Recensione: Live, Suffer, Die
Da qualche parte nel 1984 a New York venne avviato il reattore nucleare che imperversò poi fino alla metà del decennio successivo. I due scienziati col camice bianco che dettero il via alla catena di montaggio radioattiva furono due chimici specializzati nella manipolazione del Bacillus Anthracis. Il prof. Dan Lilker e l’esimio accademico John Connelly (entrambi gravitati attorno alla primissima incarnazione della band di “Fistful Of Metal”, 1984) unirono le proprie conoscenze scientifiche per fondare questo nuovo progetto di ricerca, al quale presto si unirono altri titolati, come Mike Bogus e Scott Duboys. Fu questo team, adrenalinico e motivatissimo, che dette alle stampe “Back With Vengeance” nel 1985, 7 tracce per appena 23 minuti; risulta chiaro anche dal minutaggio rapportato al numero delle canzoni che i nostri non aspirassero a rubare lo scettro di elucubratori del rock come Rush o Hawkwind. La grana dei fisici nucleari era molto più grossa e spartana, pane al pane, atomo all’atomo, uranio all’uranio. Il primissimo congresso live fu nel New Jersey, nel tardo 1984, forse al grido di “radioactivity is in the air for you and me”. A far data da quell’anno il futuro del nucleare non sarebbe stato più lo stesso. Doboys lascia ma viene prontamente sostituito dal professor Glenn Evans, proveniente da un altro ensemble di chiara fama (T.T. Quick). Anche Bogus cede la cattedra al collega Anthony Bramante. Sono nel frattempo maturate le condizioni per una nuova pubblicazione scientifica, è l’ora di “Live, Suffer, Die”, che consente alla squadra di girare in lungo e largo gli States proponendo alle masse le proprie competenze, con tenacia e abnegazione, in nome del progresso. Il lavoro dei nostri viene talmente apprezzato che fa maturare un contratto con la Combat Records (la quale nello stesso anno finanzia dapprima un Ep propedeutico dal titolo “Brain Death” e poi il primo tomo mastro di ricerca, noto come “Game Over”).

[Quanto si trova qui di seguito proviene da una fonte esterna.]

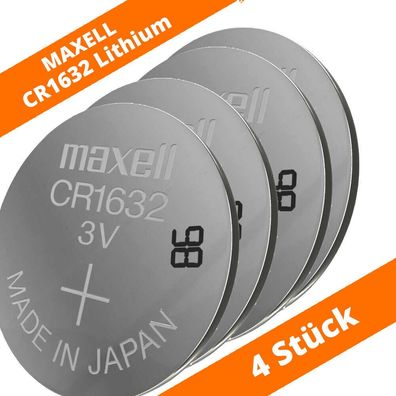 4 x Maxell CR 1632 Lithium Batterien 3V Knopfzellen DL1632 Blister CR1632 140mAh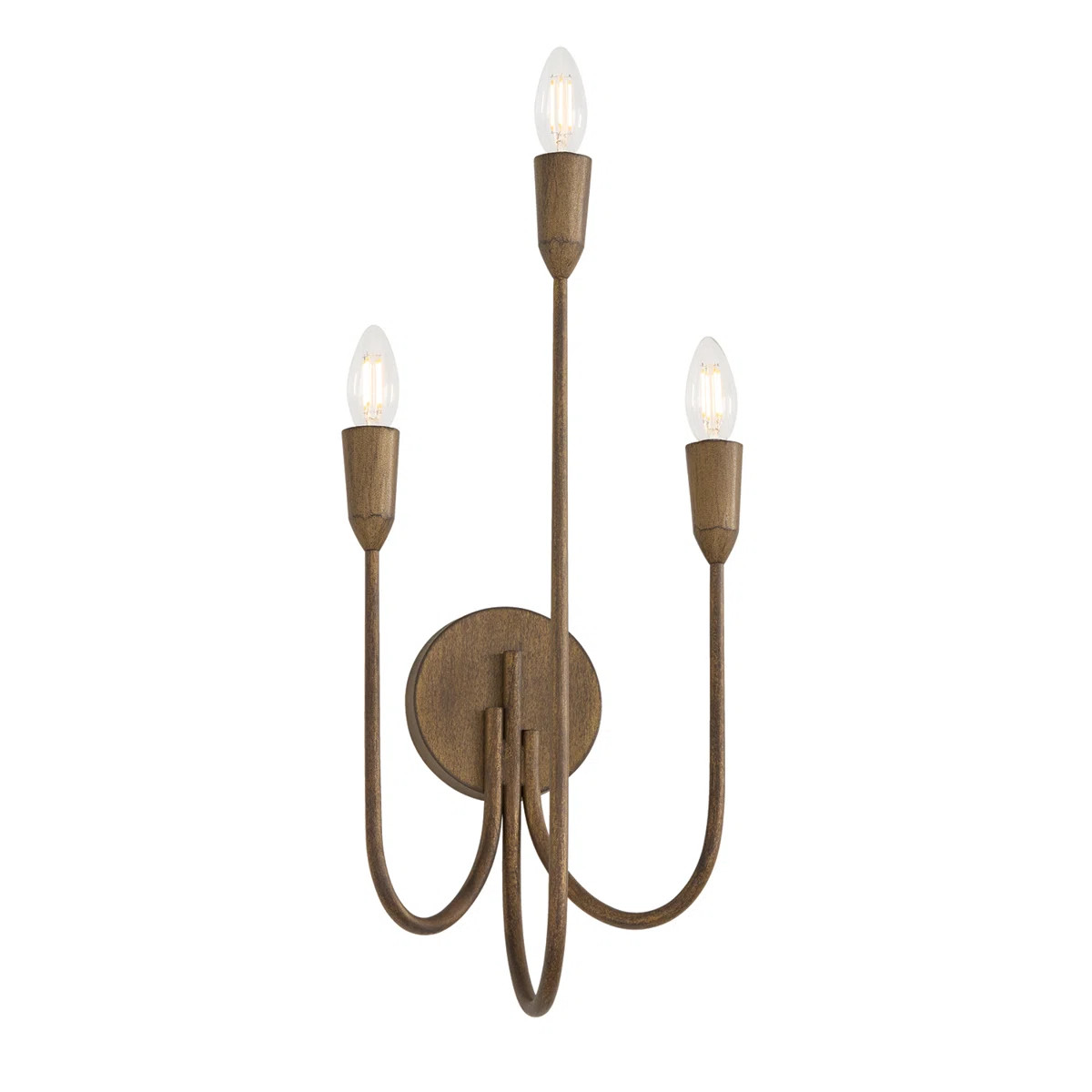 10.25" W x 21" H 3-Light Candle Sconce in Mystic Bronze | Wayfair North America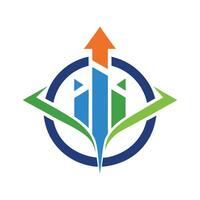 Minimalist logo design representing business strategy with upward growth symbols and a balanced color palette for professional branding vector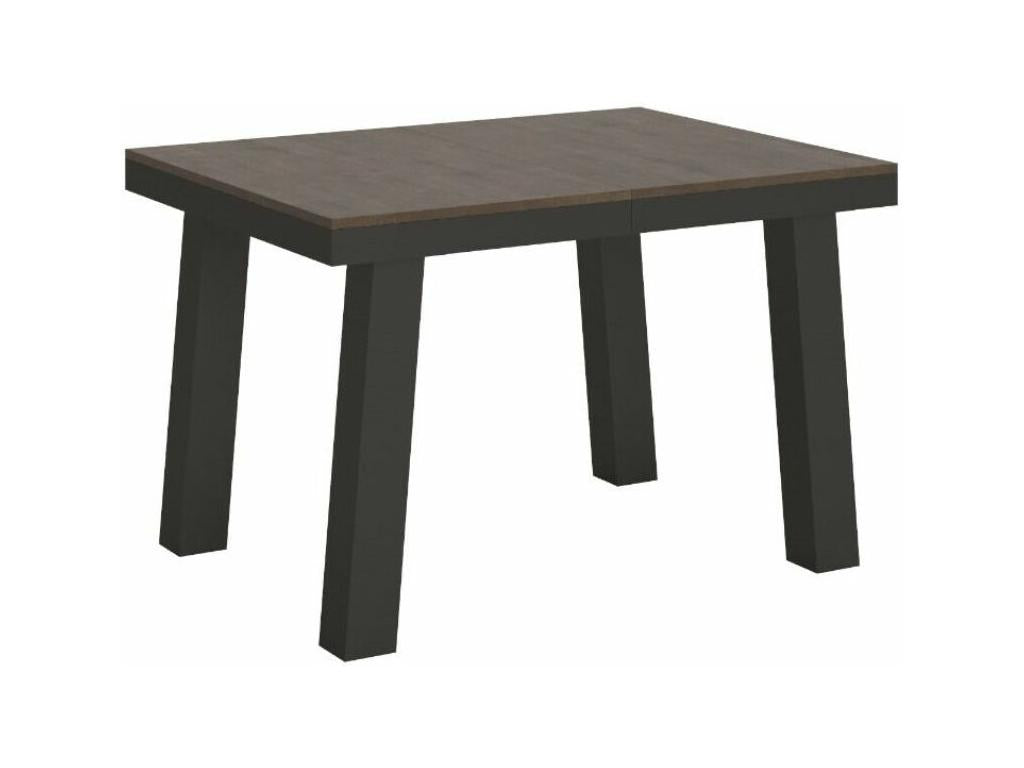 Table extensible 6 à 16 places L 120 à 380cm bois foncé et cadre métal anthracite Boislis KMZO34920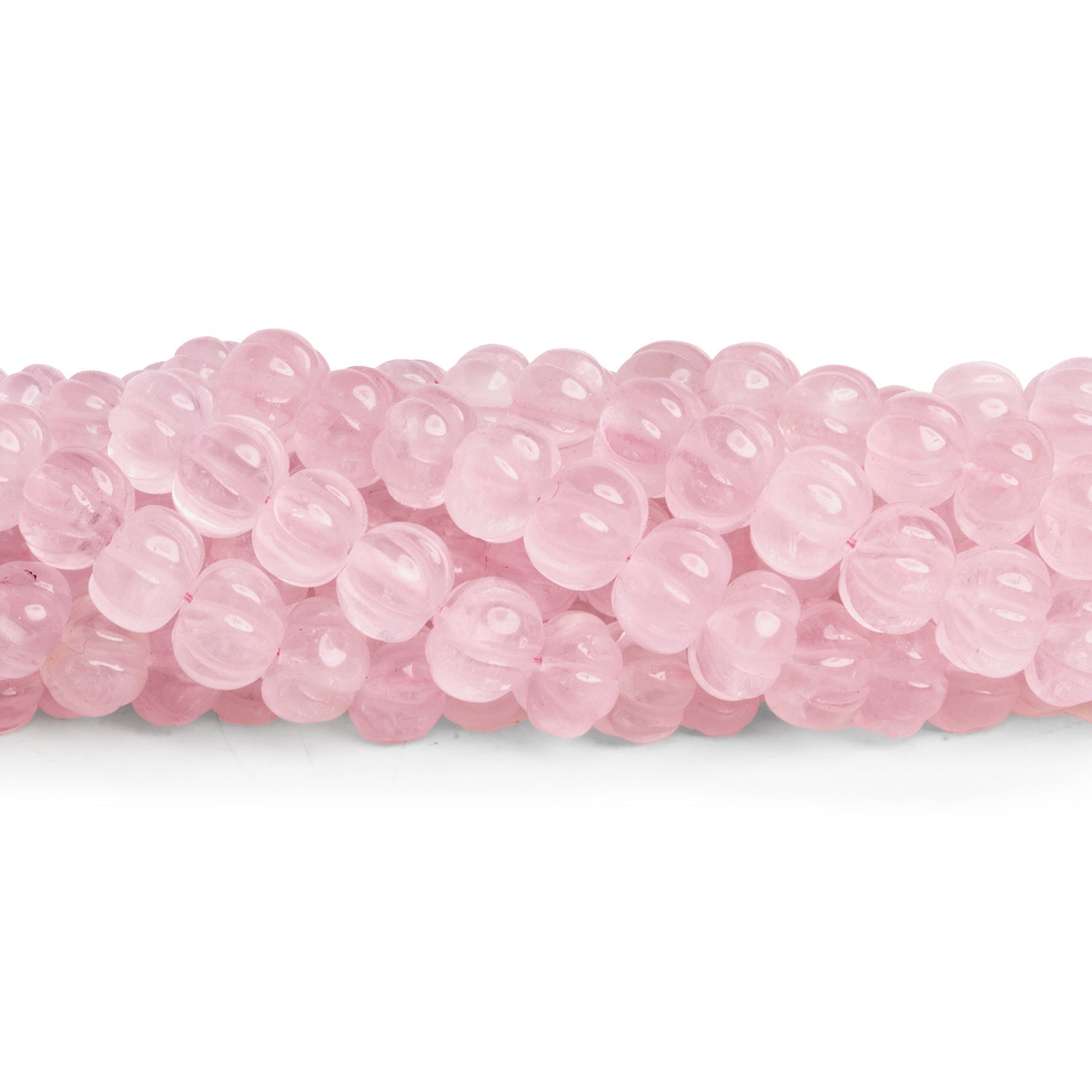 6 - 10mm Rose Quartz Carved Melons 18 inch 80 beads - The Bead Traders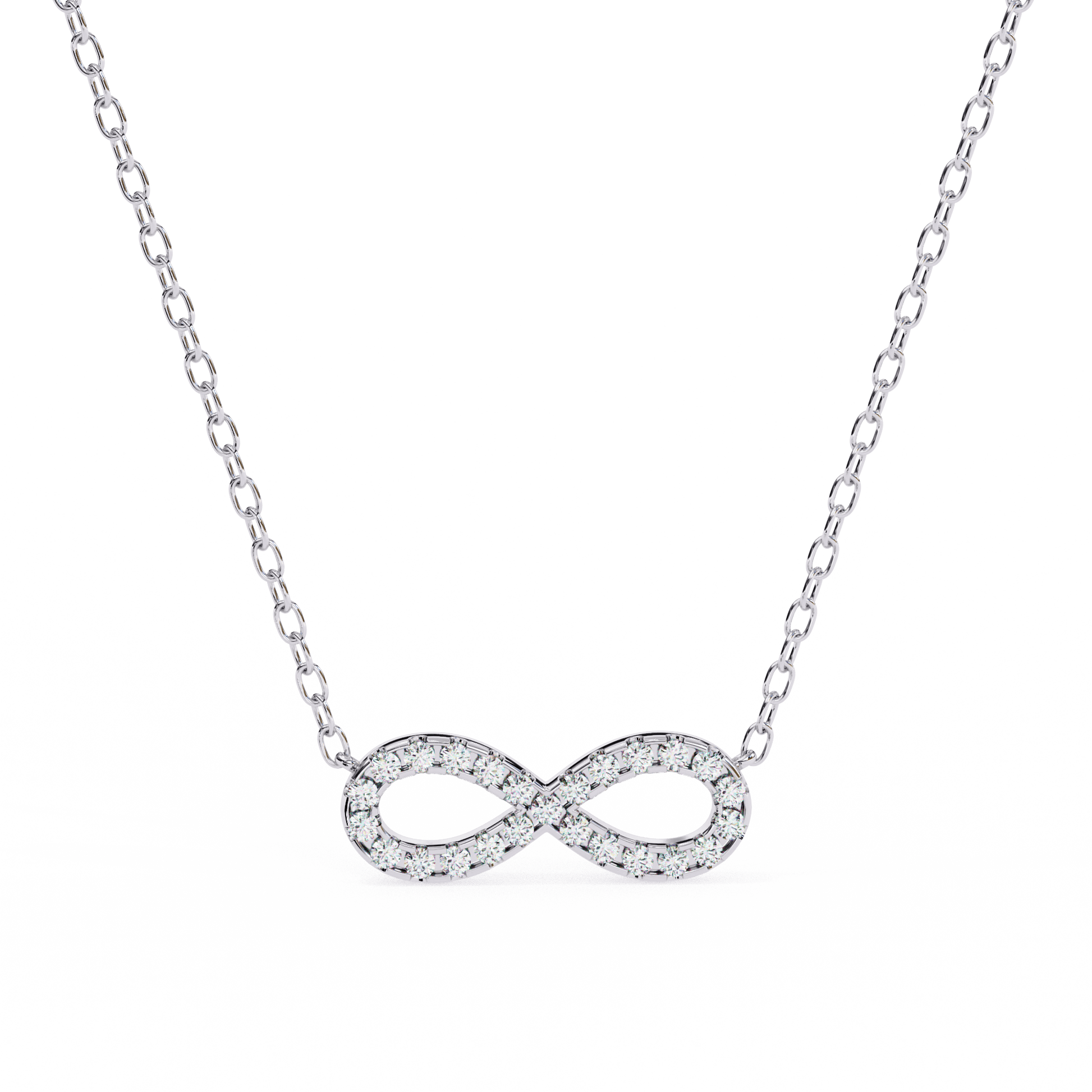 Imani – Round Diamond Infinity Pendant — diamond pendant necklace — lab grown diamond and natural diamond — 18k white gold — Carat House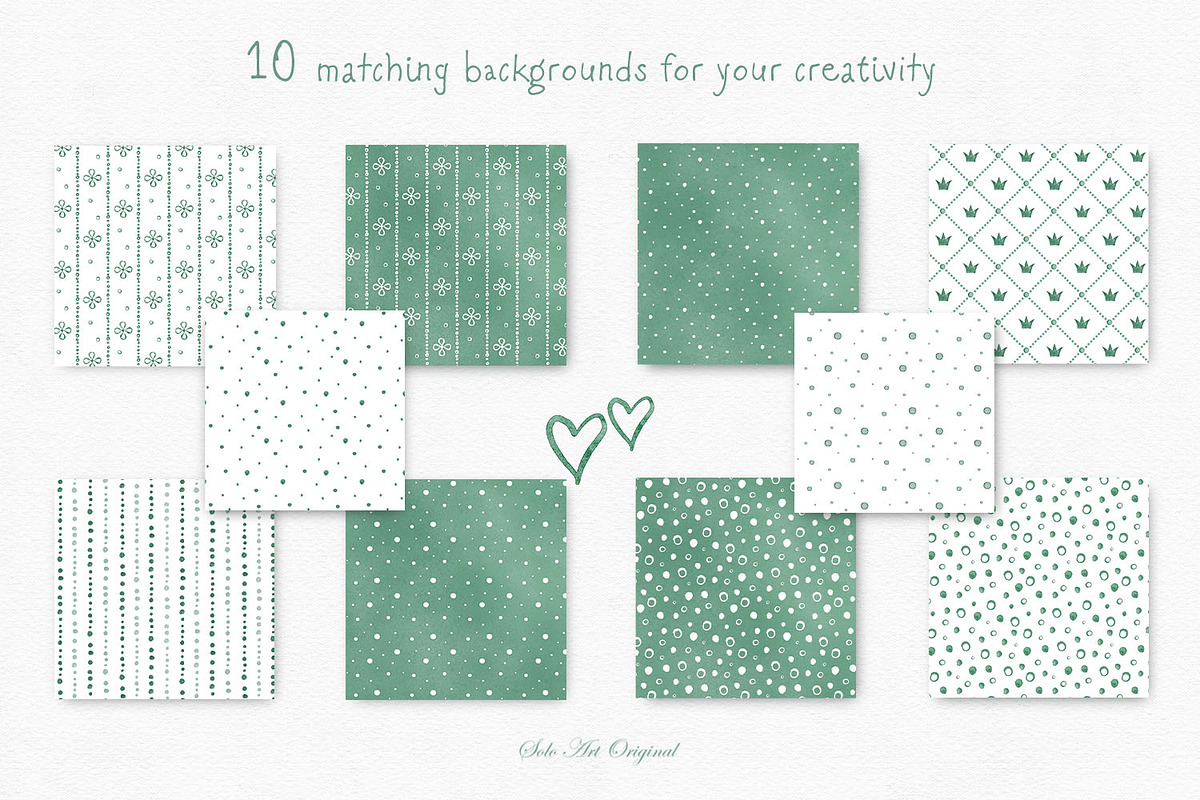 Sage Green Watercolor Bows Frames, a Background Graphic by Solo Art Original (Photo 6 of 14)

Esistono due versioni di “Live, Suffer, Die”, identiche per sostanza, differenti per forma (ovvero una scaletta disposta diversamente ed un packaging leggermente più curato). La cassettina comunque piombò sui cieli d’America – e, grazie al tape trading, del globo intero – sconquassando certezze e status quo costituiti in ambito metal. 5 tracce, di cui 3 reali ed effettive e due di folclore (ma feroce e pesante), ovvero la title track/intro (una strumentale di 67 secondi) e la beffarda “Hang The Pope” (38 secondi), il cui testo irriverente e provocatorio pigiato a forza in una manciata di secondi fulminanti ha poi fatto storia, marcando la cifra stilistica della band, riverberandosi in realtà parallele come gli Stormtroopers Of Death (sempre con Lilker) e venendo subito riproposto nel primo full length ufficiale dei Nuclear Assault, assieme a “Betrayal” e “Radiaton Sickness”. L’offerta dei newyorkesi è già tutta qui, certo con il passare degli anni si “affinerà” sempre più, mettendo maggiormente a fuoco il connubio tra thrash e hardcore, fino a portare il marchio Nuclear Assault ad essere il più fiammeggiante in ambito thrash metal tra l’88 e l’89. A quell’altezza Connelly e Lilker non avevano sfidanti, i Nuclear Assault di “Survive” e “Handle With Care” erano semplicemente la miglior band su piazza, perlomeno a giudizio del sottoscritto. Il che fa ancora più male pensando che a partire dai ’90 il gruppo perse fortemente la bussola, vedendo scemare la propria ispirazione e non riuscendo più a ripetersi ai medesimi (eccelsi) livelli. Motivo in più per tornare ai prodromi della fissione nucleare e ripercorrere le gesta atomiche al culmine del loro virgulto giovanile, un attimo prima di eternarsi nella Storia dell’atomo con la S maiuscola.